◆ What to produce ◆
Transcribe the listing underneath, keeping each word exact and omitting the images.

═════ Collected material

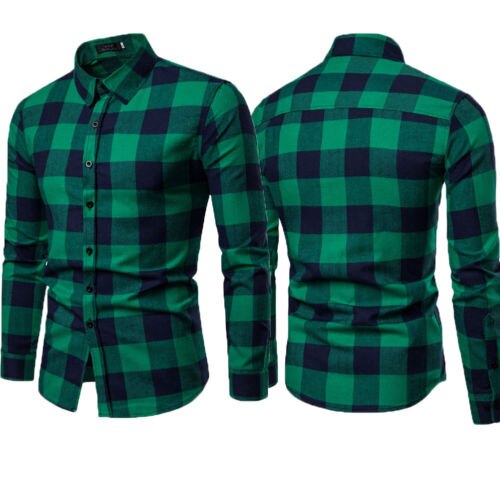 Meihuida forår herre plaid flannel skovhugger tartan ternet skjorte børstet bomuld fritidsskjorter streetwear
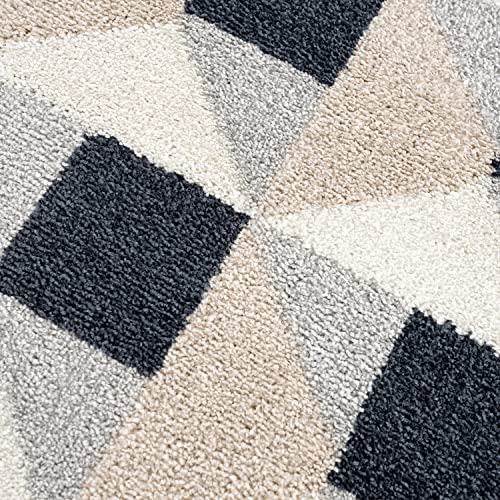 Abani Modern Print Cream & Black 4’ x 6’ Area Rug Rugs - Square Grid Pattern Contemporary No-Shed Bedroom Rug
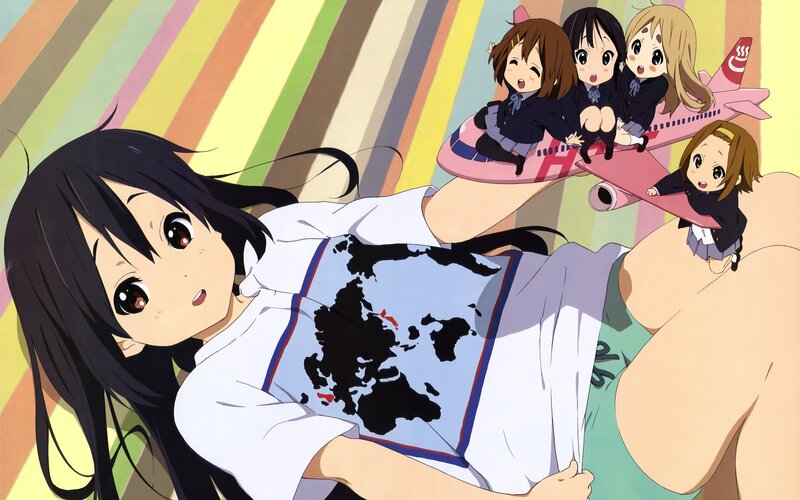 Anime Girl with World Map — White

══════════

◆ Exercise solution ◆
 Meihuida forår herre plaid flannel skovhugger tartan ternet skjorte børstet bomuld fritidsskjorter streetwear
 Abani Modern Print Cream & Black 4’ x 6’ Area Rug Rugs - Square Grid Pattern Contemporary No-Shed Bedroom Rug
 Anime Girl with World Map — White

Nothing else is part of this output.